Twenty-one studies were included, representing a total of 2530 adult patients with AA. Of the 14 different HRQOL measures used in the studies, Dermatology Life Quality Index (DLQI; n = 8) and SF-36 (n = 7) were the most common. Three AA-specific HRQOL instruments were identified: Alopecia Areata Quality of Life Index, Alopecia Areata Quality of Life and Alopecia Areata Symptom Impact Scale. The mean pooled DLQI score of patients with AA was 6·3 (95% confidence interval 5·6-7·1). Comparing age- and sex-matched controls, the meta-analysis of SF-36 studies revealed significantly reduced HRQOL across the role-emotional, mental health and vitality domains (P < 0·001). Wearing a wig had a positive impact, while scalp involvement, anxiety and depression had a negative impact on HRQOL. Conflicting results were found regarding the association between HRQOL and age, sex, marital status and disease duration.
Patients with AA experience significant impairment in HRQOL, especially in the area of mental health.
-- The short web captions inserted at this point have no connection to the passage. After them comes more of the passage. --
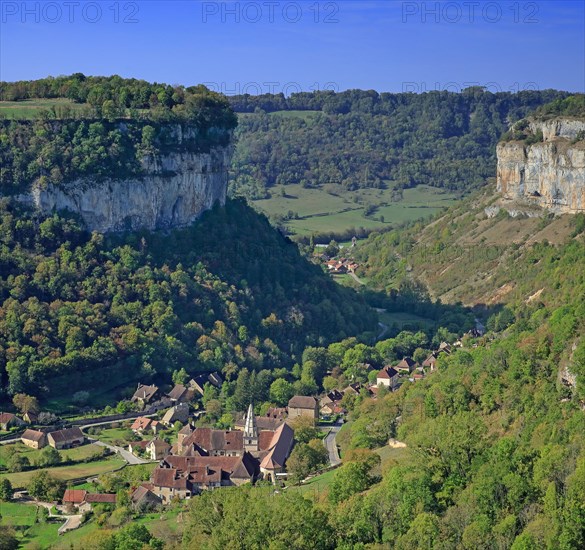 Baume-les-Messieurs, Jura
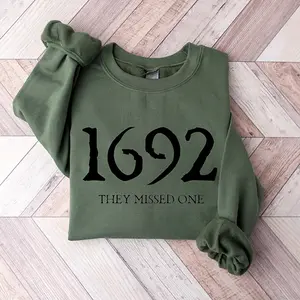1692 They Missed One Sweatshirt Sanderson Witch Sweater Retro Salem Halloween Sweatshirt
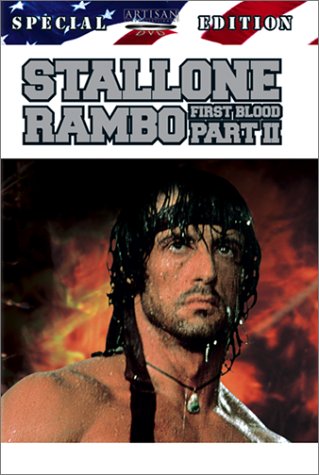 RAMBO: FIRST BLOOD PART II: SPECIAL EDITION (WIDESCREEN/FULL SCREEN)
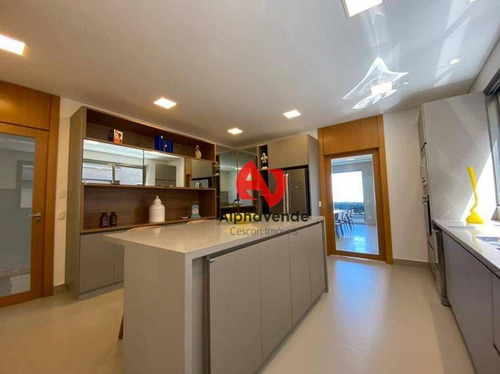 Imagem 7 de 30 de Villa Solaia - Casa Com 4 Suítes À Venda, 575 M² - Alphaville - Barueri/sp - Ca6197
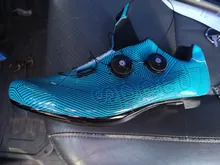 Road-Bike-Shoes MTB Self-Locking Breathable Women Ultra-Light And Professional Size-36-48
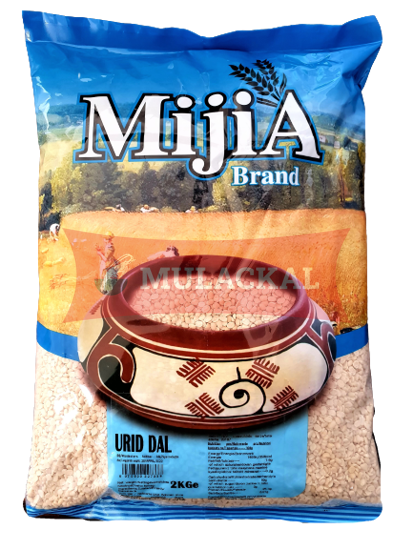 Mijia Urid Dal Washed 2kg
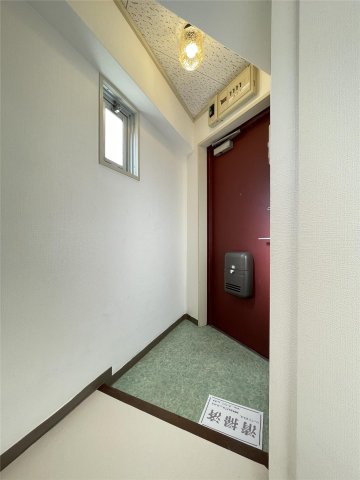 玄関　毎日通る玄関はこちらです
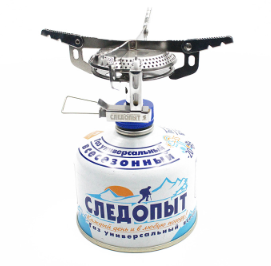 Плита порт. газовая "СЛЕДОПЫТ - Маленький костерок
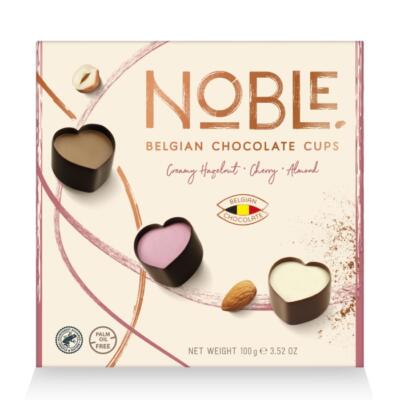 NOBLE Srdiečkové Pralinky, Charming Collection 100g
Several generic and dermatology-specific HRQOL instruments have been used, but no validation studies have confirmed their applicability in AA. The newly developed AA-specific measures seem very promising; however, a more extensive assessment of validity and reliability is needed.
目前尚无系统评价评估斑秃患者健康相关生活质量(HRQOL)的现有证据。
对斑秃患者 HRQOL 研究进行系统评价和荟萃分析。
系统检索了 1946 年至 2014 年 12 月 15 日期间 Medline、Embase、Web of Science、CINAHL、PsycINFO 和 Cochrane Library 发表的论文。采用随机效应荟萃分析对数据进行汇总。
共纳入 21 项研究,共计 2530 例成人斑秃患者。在研究中使用的 14 种不同的 HRQOL 测量方法中,皮肤病生活质量指数(DLQI;n=8)和 SF-36(n=7)最常见。确定了 3 种斑秃专用 HRQOL 工具:斑秃生活质量指数、斑秃生活质量和斑秃症状影响量表。斑秃患者平均汇总 DLQI 评分为 6.3(95%置信区间 5.6-7.1)。与年龄和性别匹配的对照组相比,SF-36 研究的荟萃分析显示,情感角色、心理健康和活力领域的 HRQOL 显著降低(P<0.001)。戴假发对 HRQOL 有积极影响,而头皮受累、焦虑和抑郁对 HRQOL 有负面影响。关于 HRQOL 与年龄、性别、婚姻状况和疾病持续时间之间的关系,研究结果存在冲突。
斑秃患者的 HRQOL 明显受损,尤其是心理健康方面。已经使用了几种通用和皮肤科专用的 HRQOL 工具,但没有验证研究证实它们在斑秃中的适用性。新开发的斑秃专用措施似乎很有前途;然而,需要更广泛地评估其有效性和可靠性。